* [Work request]
Please transcribe exactly the lines from the one containing "Document Filled Yellow Icon vector" through the end of the records below, both included, and nothing else.

====

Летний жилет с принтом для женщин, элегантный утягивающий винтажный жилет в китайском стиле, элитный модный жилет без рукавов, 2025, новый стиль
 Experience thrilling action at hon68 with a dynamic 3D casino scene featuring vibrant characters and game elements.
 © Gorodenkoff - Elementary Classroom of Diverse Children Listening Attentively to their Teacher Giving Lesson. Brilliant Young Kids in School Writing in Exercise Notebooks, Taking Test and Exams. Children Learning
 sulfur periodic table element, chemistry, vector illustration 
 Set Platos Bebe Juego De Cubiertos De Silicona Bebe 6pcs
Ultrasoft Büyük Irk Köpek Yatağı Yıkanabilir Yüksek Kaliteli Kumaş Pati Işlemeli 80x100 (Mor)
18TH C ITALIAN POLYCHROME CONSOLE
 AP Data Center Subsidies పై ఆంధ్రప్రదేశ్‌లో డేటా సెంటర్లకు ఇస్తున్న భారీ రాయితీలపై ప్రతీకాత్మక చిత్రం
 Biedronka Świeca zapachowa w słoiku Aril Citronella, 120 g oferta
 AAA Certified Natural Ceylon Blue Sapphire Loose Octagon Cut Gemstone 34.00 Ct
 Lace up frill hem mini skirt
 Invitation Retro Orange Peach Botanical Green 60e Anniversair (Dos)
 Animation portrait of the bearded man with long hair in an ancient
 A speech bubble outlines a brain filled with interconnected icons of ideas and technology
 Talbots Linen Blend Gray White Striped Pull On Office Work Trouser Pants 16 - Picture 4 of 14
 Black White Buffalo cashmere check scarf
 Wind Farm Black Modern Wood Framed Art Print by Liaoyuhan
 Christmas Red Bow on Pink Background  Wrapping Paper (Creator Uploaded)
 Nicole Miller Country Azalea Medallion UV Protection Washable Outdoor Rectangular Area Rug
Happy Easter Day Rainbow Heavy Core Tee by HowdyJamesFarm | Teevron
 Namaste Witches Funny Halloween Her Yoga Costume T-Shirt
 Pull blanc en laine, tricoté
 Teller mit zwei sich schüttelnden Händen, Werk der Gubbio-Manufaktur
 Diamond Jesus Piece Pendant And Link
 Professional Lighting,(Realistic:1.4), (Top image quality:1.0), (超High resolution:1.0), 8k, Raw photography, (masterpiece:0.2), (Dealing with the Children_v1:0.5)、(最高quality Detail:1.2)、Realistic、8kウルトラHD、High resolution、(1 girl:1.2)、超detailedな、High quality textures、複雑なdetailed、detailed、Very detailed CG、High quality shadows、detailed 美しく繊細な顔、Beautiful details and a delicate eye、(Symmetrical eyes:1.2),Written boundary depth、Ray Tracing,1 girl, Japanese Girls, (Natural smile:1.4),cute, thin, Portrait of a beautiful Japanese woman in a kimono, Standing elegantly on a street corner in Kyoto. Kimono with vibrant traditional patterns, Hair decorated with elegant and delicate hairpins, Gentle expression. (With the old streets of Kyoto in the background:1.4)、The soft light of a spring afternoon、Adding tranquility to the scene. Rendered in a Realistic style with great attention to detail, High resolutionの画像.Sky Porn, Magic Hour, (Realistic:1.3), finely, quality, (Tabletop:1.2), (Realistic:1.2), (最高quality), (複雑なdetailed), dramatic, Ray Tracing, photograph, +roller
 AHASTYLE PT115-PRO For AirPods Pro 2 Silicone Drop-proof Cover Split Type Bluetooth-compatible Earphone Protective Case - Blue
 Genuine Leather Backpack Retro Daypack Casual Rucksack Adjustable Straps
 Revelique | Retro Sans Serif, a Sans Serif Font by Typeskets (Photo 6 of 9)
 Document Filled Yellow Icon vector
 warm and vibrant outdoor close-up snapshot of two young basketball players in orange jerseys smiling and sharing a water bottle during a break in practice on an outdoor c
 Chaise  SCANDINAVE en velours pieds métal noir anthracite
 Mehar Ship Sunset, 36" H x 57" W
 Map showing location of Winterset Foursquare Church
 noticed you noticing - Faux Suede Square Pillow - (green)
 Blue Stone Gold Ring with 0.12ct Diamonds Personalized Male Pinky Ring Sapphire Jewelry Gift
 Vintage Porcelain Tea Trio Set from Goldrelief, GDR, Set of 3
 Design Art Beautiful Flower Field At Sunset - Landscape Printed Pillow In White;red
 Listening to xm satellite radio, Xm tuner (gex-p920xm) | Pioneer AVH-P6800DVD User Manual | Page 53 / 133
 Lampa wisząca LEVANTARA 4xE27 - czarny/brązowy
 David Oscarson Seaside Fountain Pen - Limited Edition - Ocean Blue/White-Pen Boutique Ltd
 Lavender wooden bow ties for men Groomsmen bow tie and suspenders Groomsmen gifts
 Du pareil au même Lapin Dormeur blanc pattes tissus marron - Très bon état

====

* [Output for this task]
 Document Filled Yellow Icon vector
 warm and vibrant outdoor close-up snapshot of two young basketball players in orange jerseys smiling and sharing a water bottle during a break in practice on an outdoor c
 Chaise  SCANDINAVE en velours pieds métal noir anthracite
 Mehar Ship Sunset, 36" H x 57" W
 Map showing location of Winterset Foursquare Church
 noticed you noticing - Faux Suede Square Pillow - (green)
 Blue Stone Gold Ring with 0.12ct Diamonds Personalized Male Pinky Ring Sapphire Jewelry Gift
 Vintage Porcelain Tea Trio Set from Goldrelief, GDR, Set of 3
 Design Art Beautiful Flower Field At Sunset - Landscape Printed Pillow In White;red
 Listening to xm satellite radio, Xm tuner (gex-p920xm) | Pioneer AVH-P6800DVD User Manual | Page 53 / 133
 Lampa wisząca LEVANTARA 4xE27 - czarny/brązowy
 David Oscarson Seaside Fountain Pen - Limited Edition - Ocean Blue/White-Pen Boutique Ltd
 Lavender wooden bow ties for men Groomsmen bow tie and suspenders Groomsmen gifts
 Du pareil au même Lapin Dormeur blanc pattes tissus marron - Très bon état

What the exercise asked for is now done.